Obama has ruffled some feathers recently, but not exactly the same feathers he regularly ruffles. This time it’s the word nerds, and even more specifically, the punctuation nerds, who are displeased with the President.

The source of their displeasure? A period. That’s right, a small dot no larger than the tip of your pen. More specifically, the period that follows his new one-word slogan, “FORWARD.”

According to a Wall Street Journal piece analyzing the kerfuffle, the concern is that the slogan is not a sentence, and in any case, the period undercuts the slogan’s intended sense of moving, well, forward.

Obama’s staff apparently had a spirited debate on whether to include the period, and politicians and editors have weighed in on the dot in question.

My favorite comment is the one by Rep.
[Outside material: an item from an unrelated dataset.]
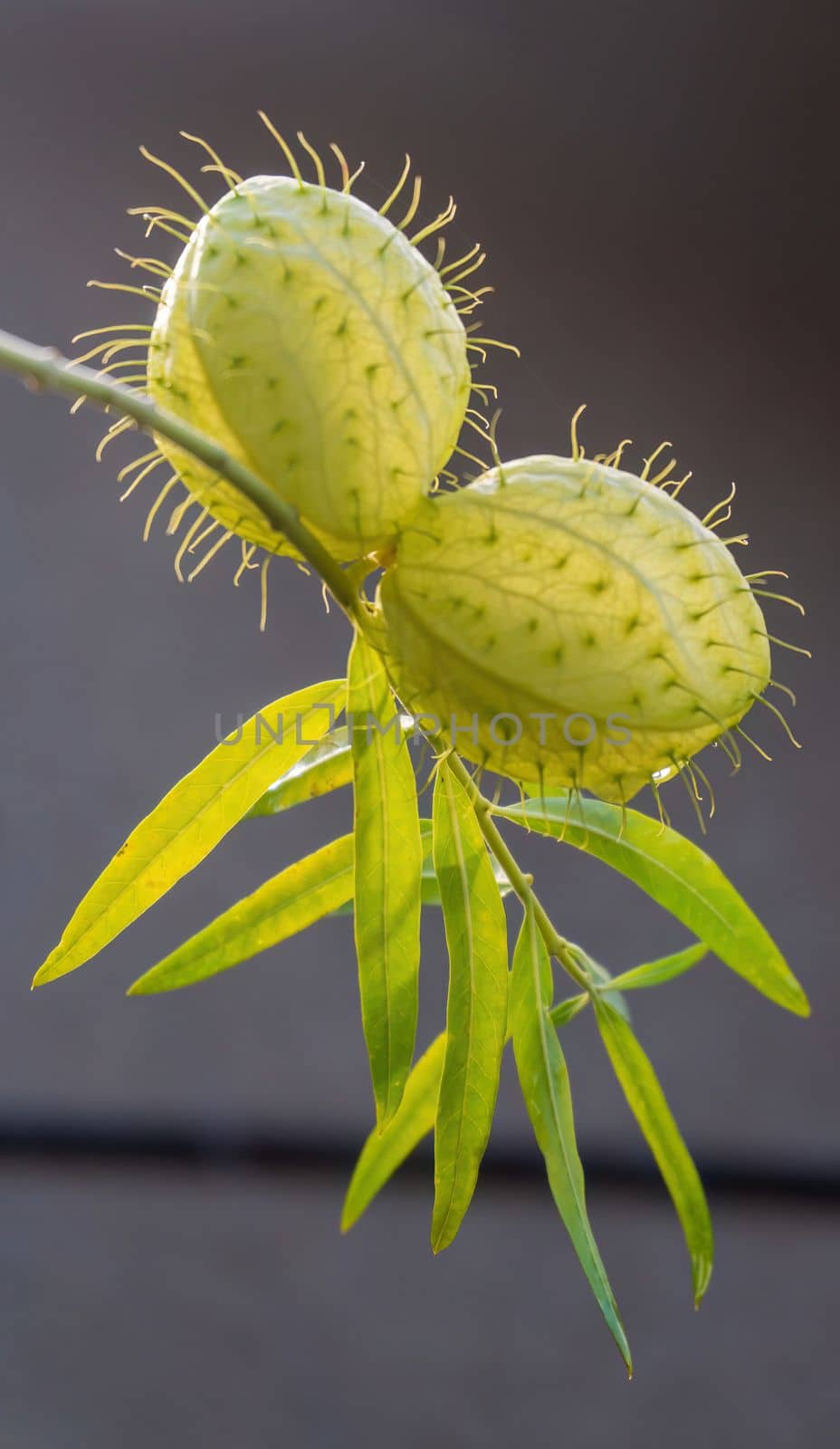 Gomphocarpus fruticosus branches with green balls with air by Challlenger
Pete King (R., N.Y.), who called the period “sort of a buzz kill.”

The Journal puts the controversy in context by providing this handy condensed history of grammatically questionable campaign slogans:

In 1992, George H.W. Bush’s line, “Who do you trust?” generated chatter about the use of “who” versus “whom.” Dwight Eisenhower’s 1952 slogan “I like Ike” is clearly a sentence, but didn’t include a period. George W. Bush’s “Yes, America Can” slogan included a comma; Mr. Obama’s “Yes We Can” chant four years later did not.

Meanwhile, the title of the super PAC supporting Mr. Romney, “Restore Our Future,” seems to bend the rules of space and time, if not grammar.

So there’s a nice point of shared bipartisan experience. Kumbaya!